── DATA UNDER STUDY ──
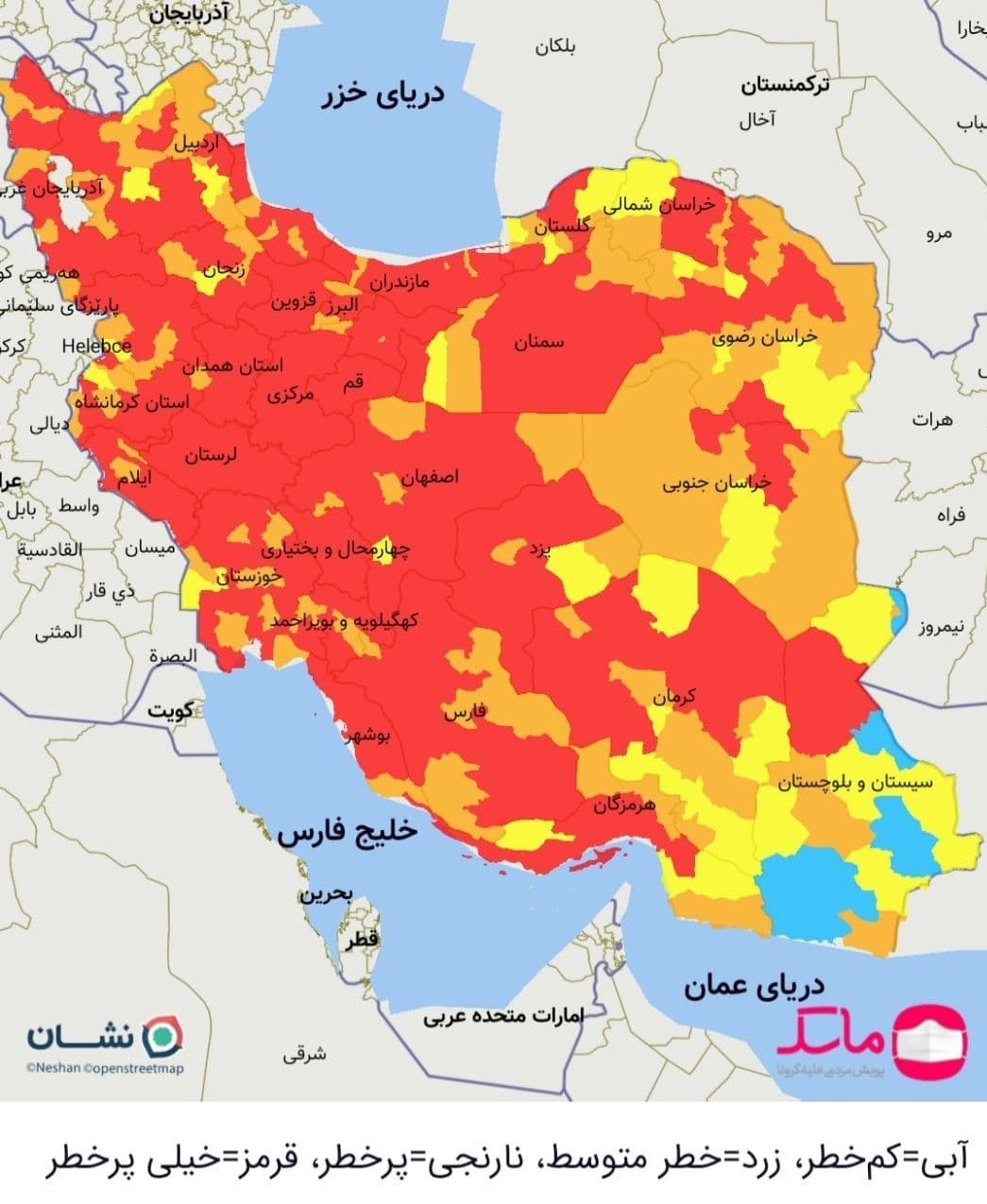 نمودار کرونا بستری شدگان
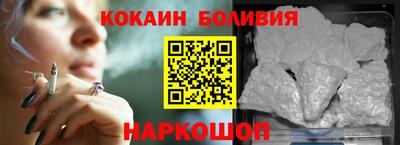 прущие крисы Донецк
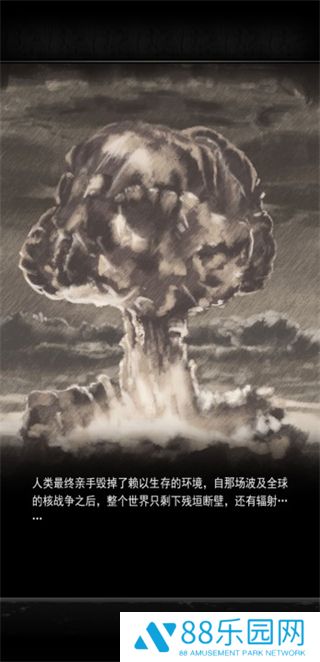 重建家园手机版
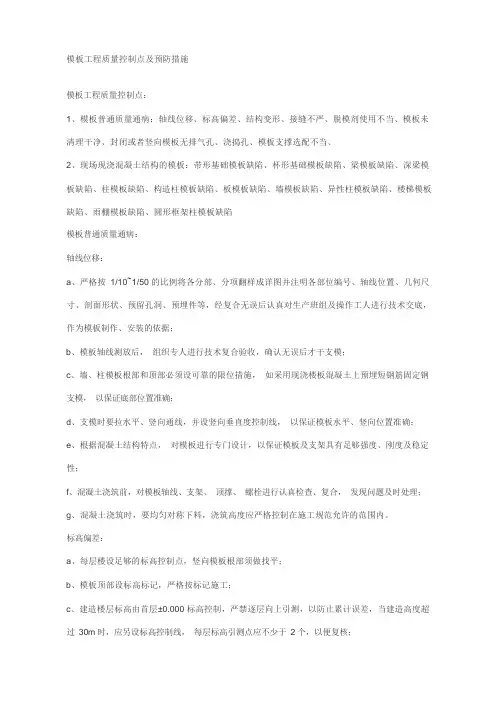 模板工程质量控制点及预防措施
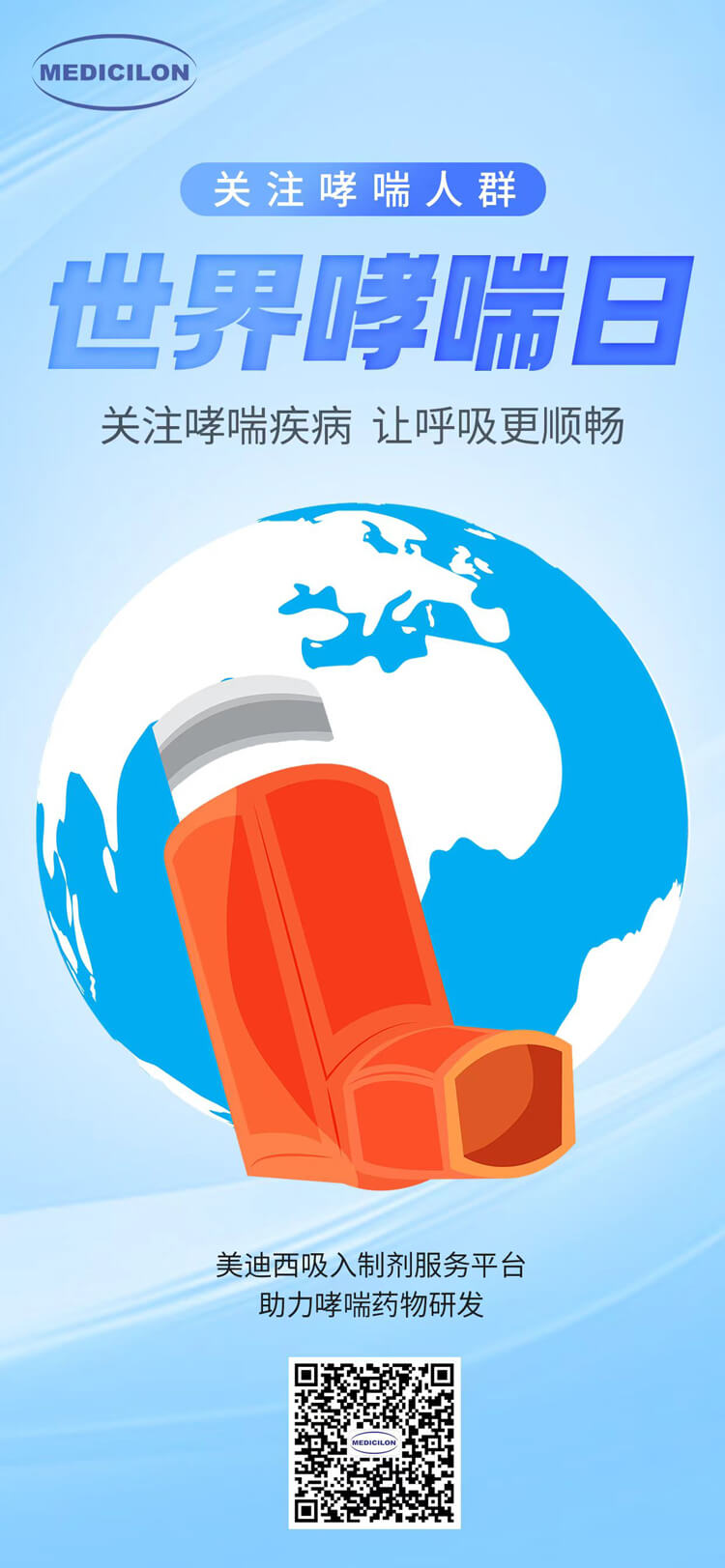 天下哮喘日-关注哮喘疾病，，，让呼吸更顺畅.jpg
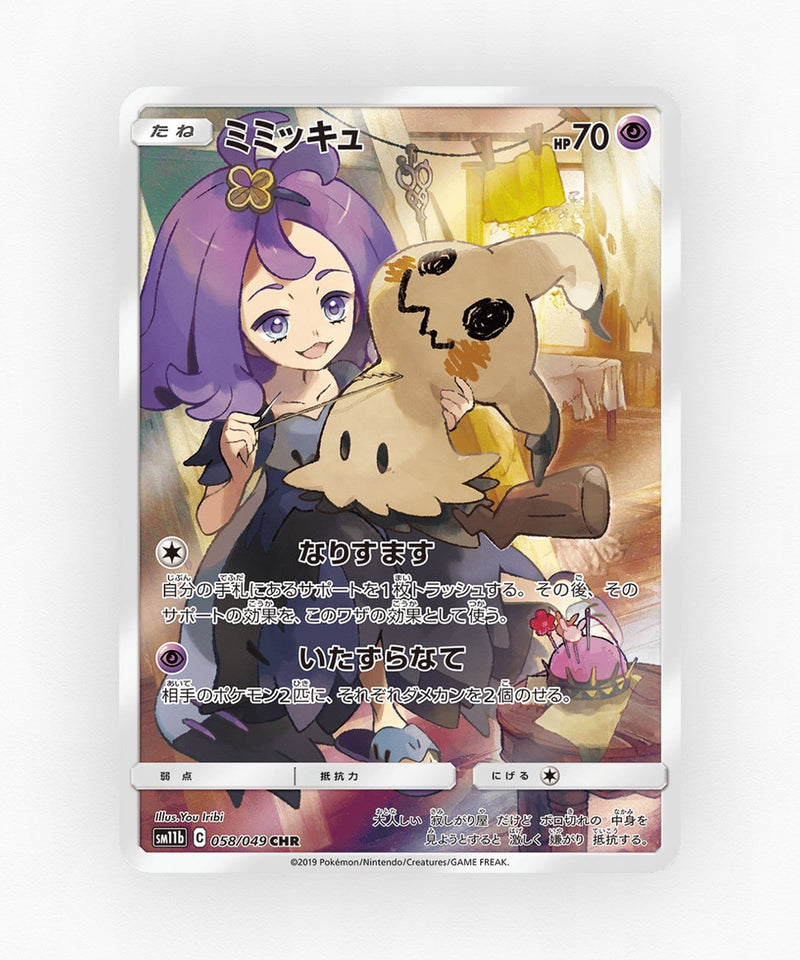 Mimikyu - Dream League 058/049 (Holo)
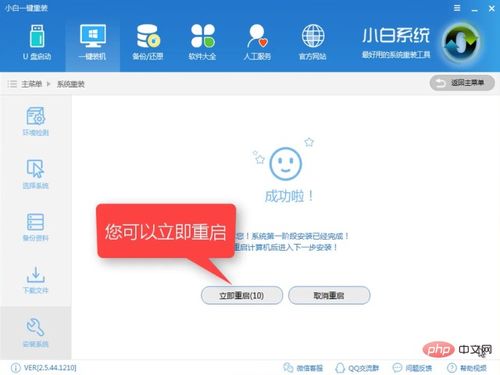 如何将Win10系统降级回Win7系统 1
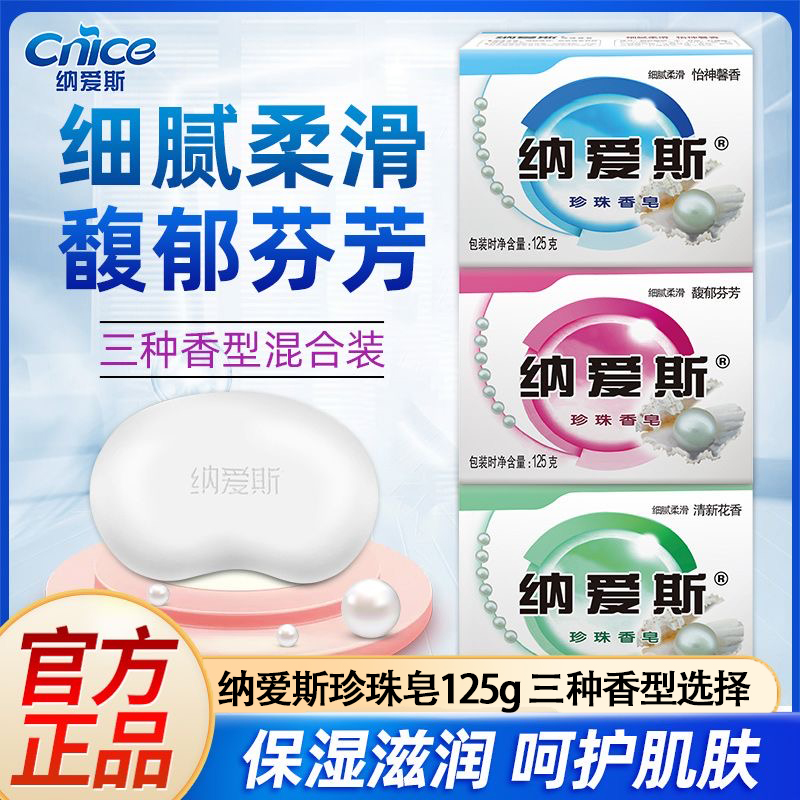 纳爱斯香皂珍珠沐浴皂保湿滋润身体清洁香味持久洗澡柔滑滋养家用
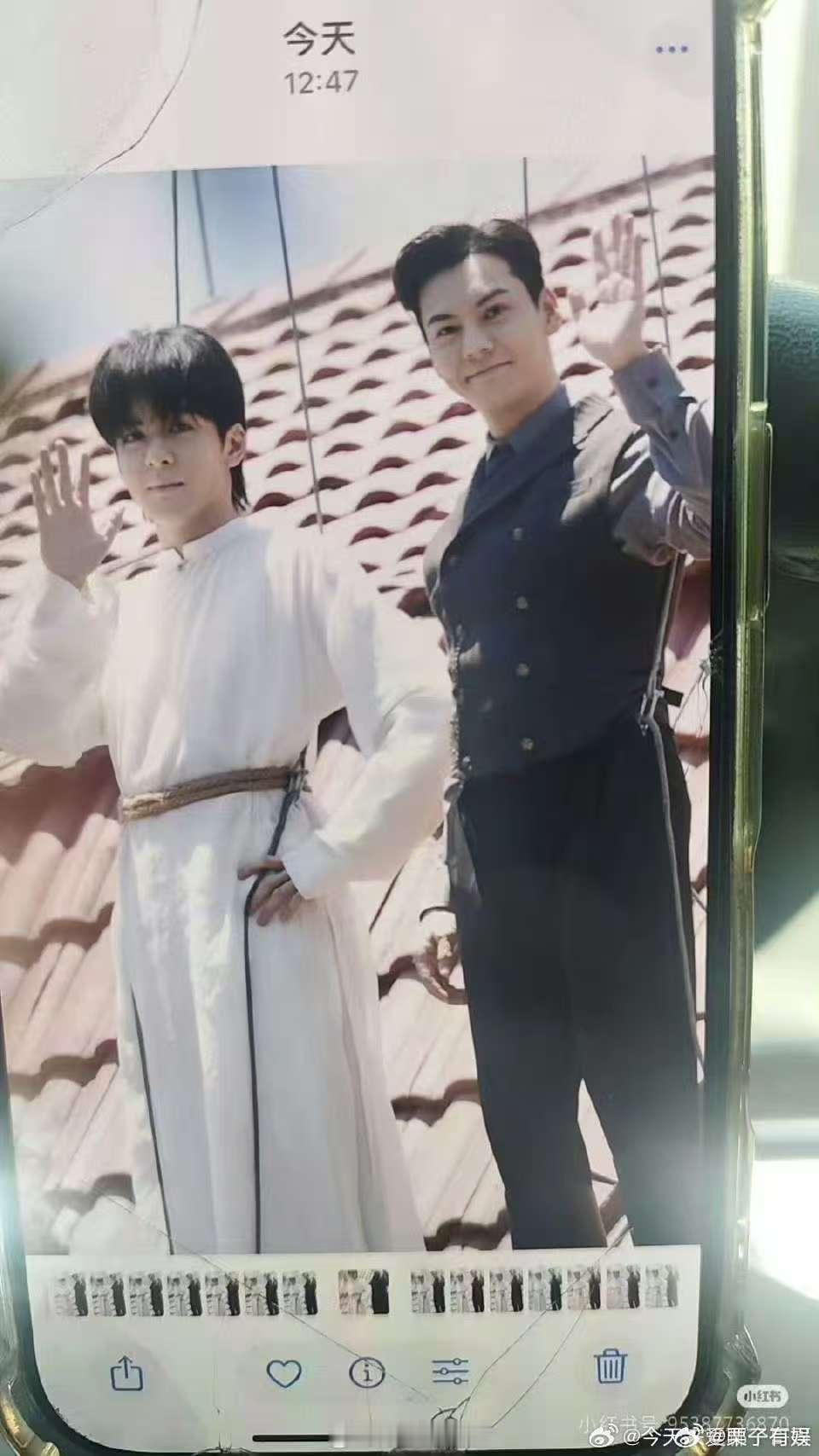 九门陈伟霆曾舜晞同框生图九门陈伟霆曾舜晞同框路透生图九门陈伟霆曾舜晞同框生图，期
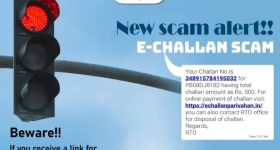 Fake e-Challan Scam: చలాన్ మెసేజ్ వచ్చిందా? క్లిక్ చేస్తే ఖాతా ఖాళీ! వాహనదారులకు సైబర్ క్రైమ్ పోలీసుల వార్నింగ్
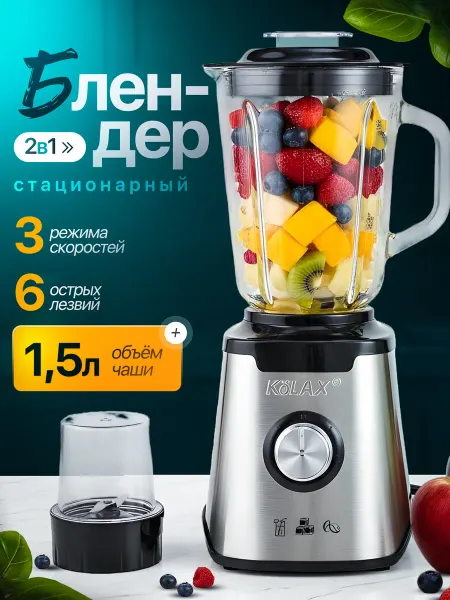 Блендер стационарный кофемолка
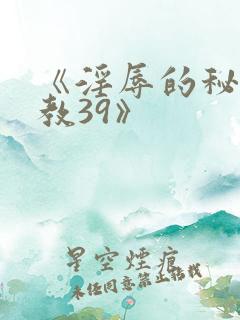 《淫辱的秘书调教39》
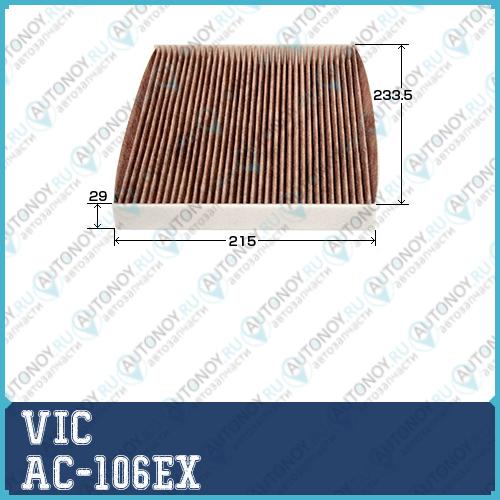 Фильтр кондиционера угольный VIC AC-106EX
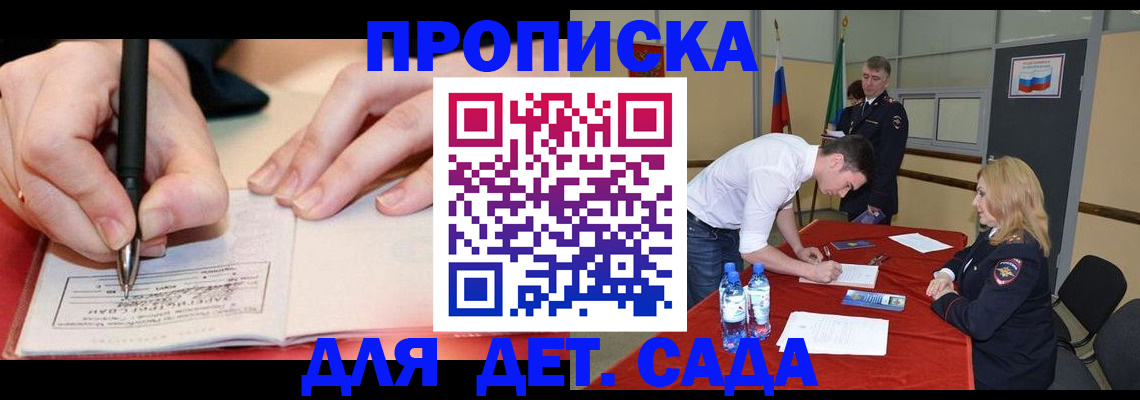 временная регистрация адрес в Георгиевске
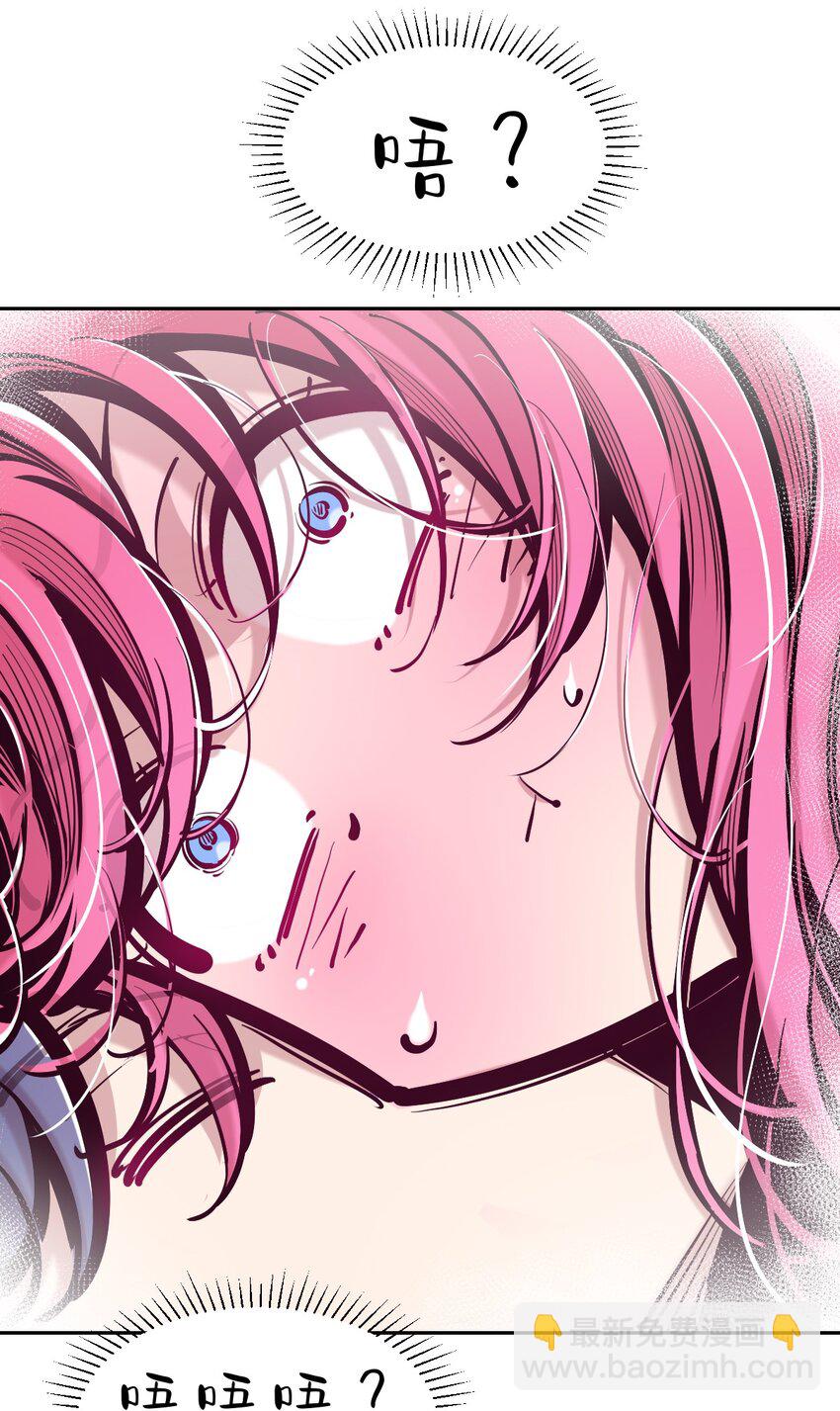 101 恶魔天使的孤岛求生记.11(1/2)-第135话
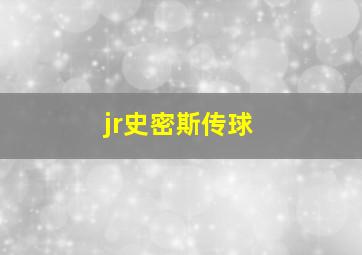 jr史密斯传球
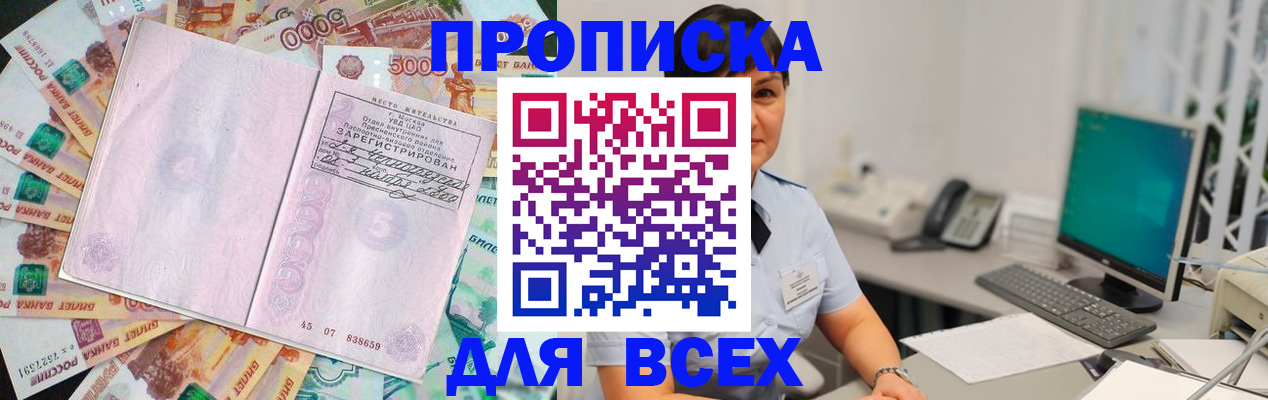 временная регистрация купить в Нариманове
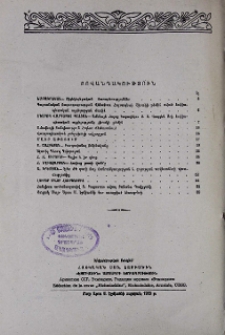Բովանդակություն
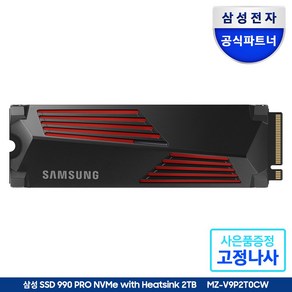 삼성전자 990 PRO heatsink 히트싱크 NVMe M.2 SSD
───
**EXERCISE BRIEF**
The records above, minus their pictures, are to be returned verbatim.

**TASK ANSWER**
 نمودار کرونا بستری شدگان
 прущие крисы Донецк
 重建家园手机版
 模板工程质量控制点及预防措施
 天下哮喘日-关注哮喘疾病，，，让呼吸更顺畅.jpg
 Mimikyu - Dream League 058/049 (Holo)
 如何将Win10系统降级回Win7系统 1
 纳爱斯香皂珍珠沐浴皂保湿滋润身体清洁香味持久洗澡柔滑滋养家用
 九门陈伟霆曾舜晞同框生图九门陈伟霆曾舜晞同框路透生图九门陈伟霆曾舜晞同框生图，期
 Fake e-Challan Scam: చలాన్ మెసేజ్ వచ్చిందా? క్లిక్ చేస్తే ఖాతా ఖాళీ! వాహనదారులకు సైబర్ క్రైమ్ పోలీసుల వార్నింగ్
 Блендер стационарный кофемолка
 《淫辱的秘书调教39》
 Фильтр кондиционера угольный VIC AC-106EX
 временная регистрация адрес в Георгиевске
 101 恶魔天使的孤岛求生记.11(1/2)-第135话
 jr史密斯传球
 временная регистрация купить в Нариманове
Բովանդակություն
 삼성전자 990 PRO heatsink 히트싱크 NVMe M.2 SSD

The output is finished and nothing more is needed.